### [Work item]
Without the images, reproduce every entry exactly.

### [Data to use]
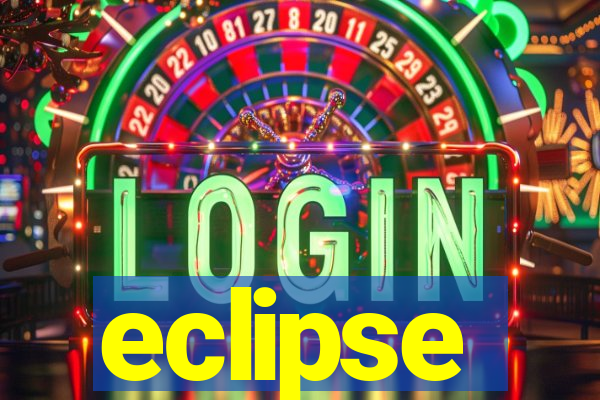 eclipse-777.com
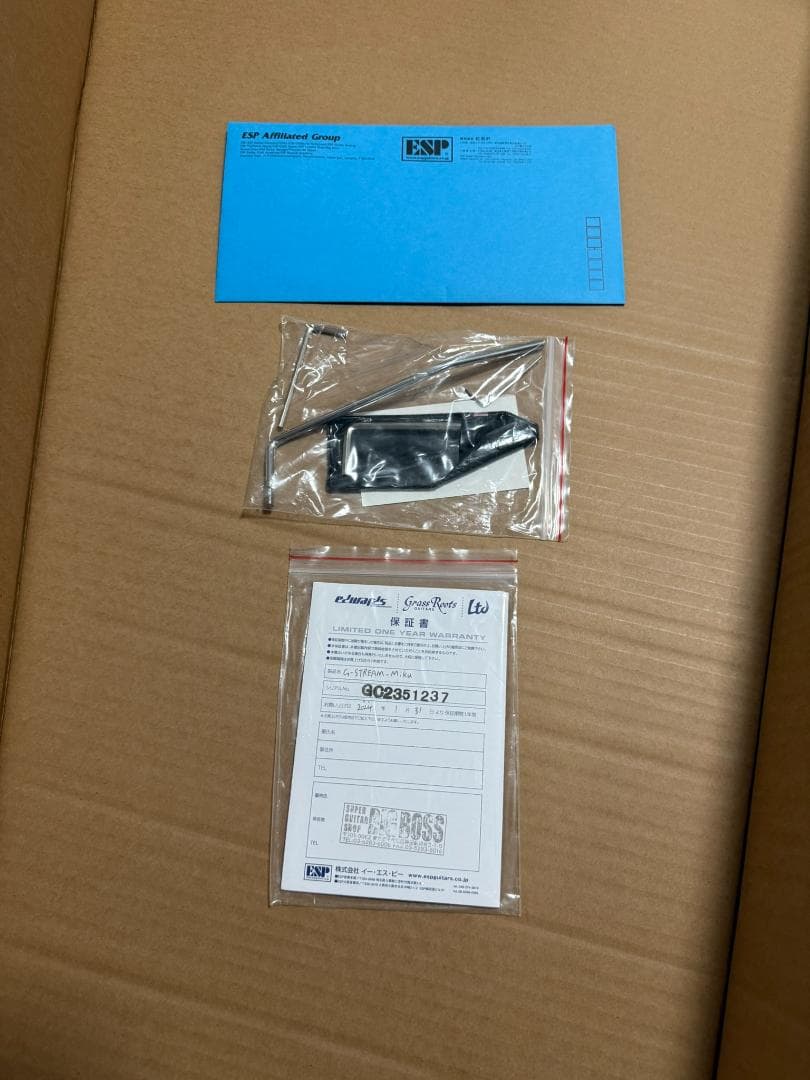 く*も様 Grass Roots G-STREAM-Miku 初音ミク ストリー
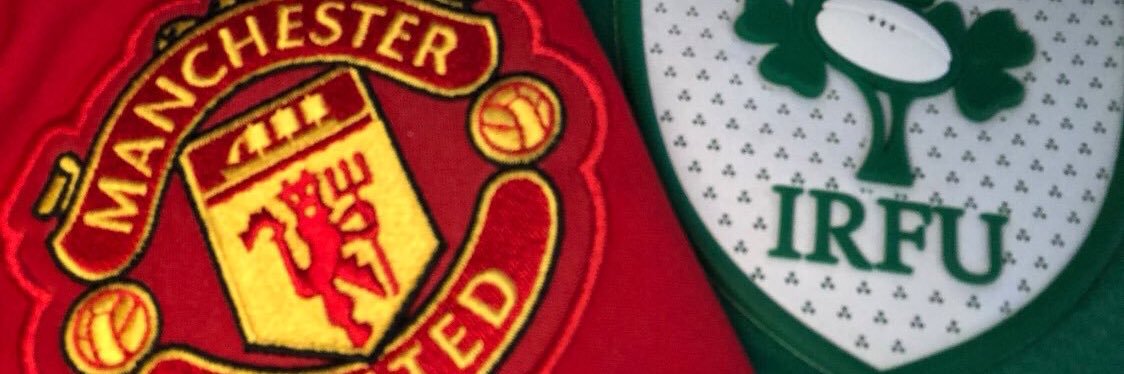 CD10_89's profile banner image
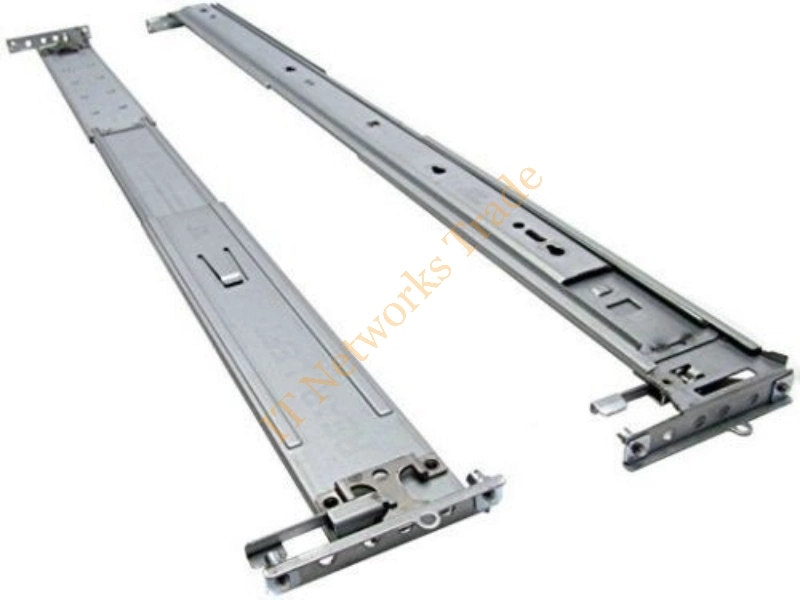 C7508-60041 HP Rail Kit Server Accessory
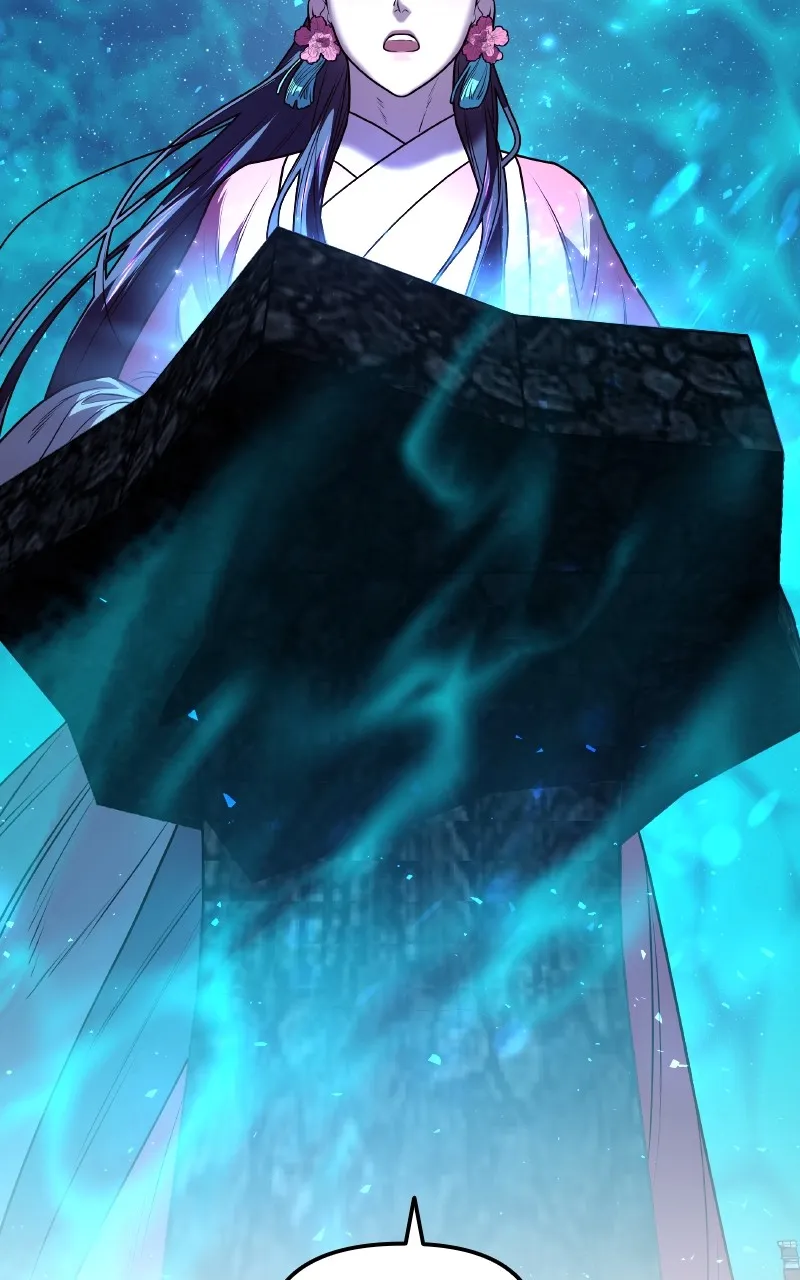 Mystic Prince Chapter 4 page 179 - 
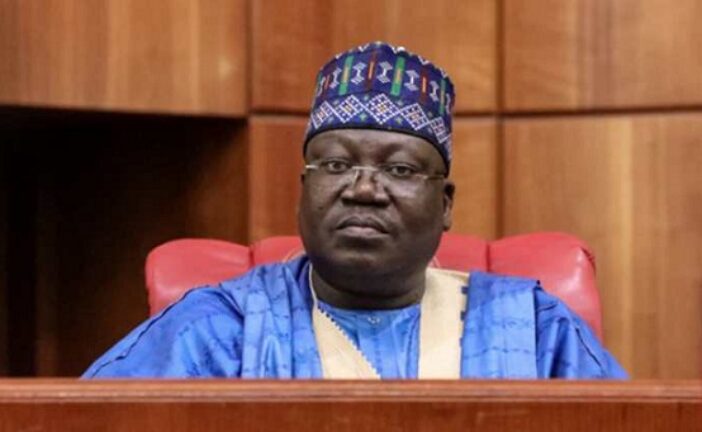 Senate Urges Fed Govt To Stop Borrowings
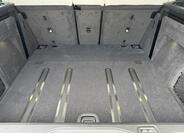 BMW X5 18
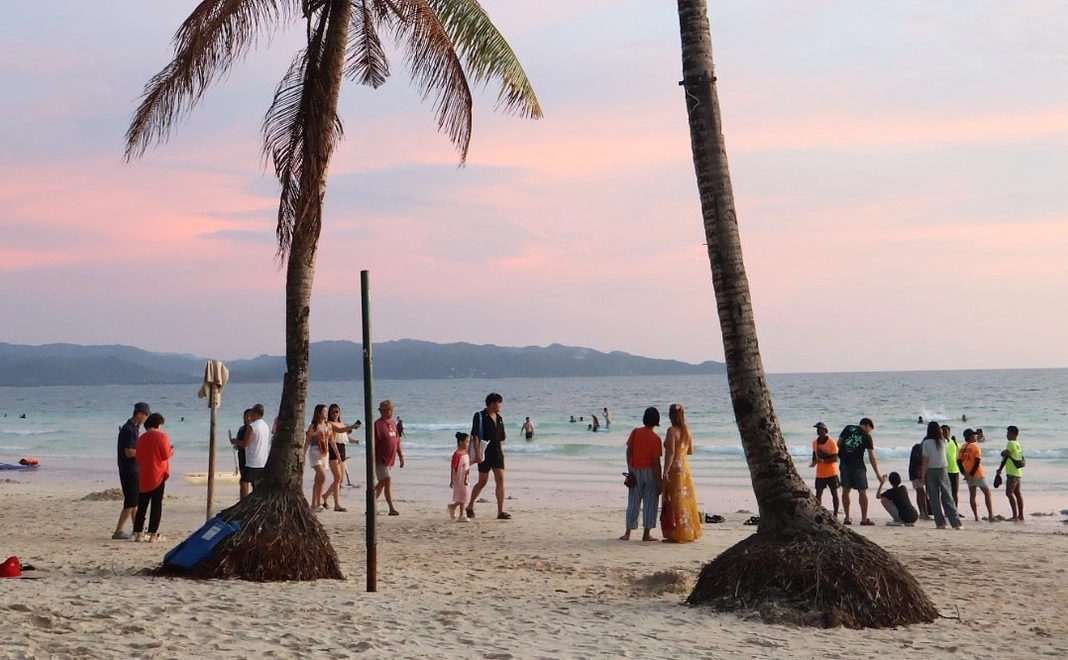 とにかく応援！プラン②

### [Solution to this exercise]
 eclipse-777.com
 く*も様 Grass Roots G-STREAM-Miku 初音ミク ストリー
 CD10_89's profile banner image
 C7508-60041 HP Rail Kit Server Accessory
 Mystic Prince Chapter 4 page 179 - 
 Senate Urges Fed Govt To Stop Borrowings
 BMW X5 18
 とにかく応援！プラン②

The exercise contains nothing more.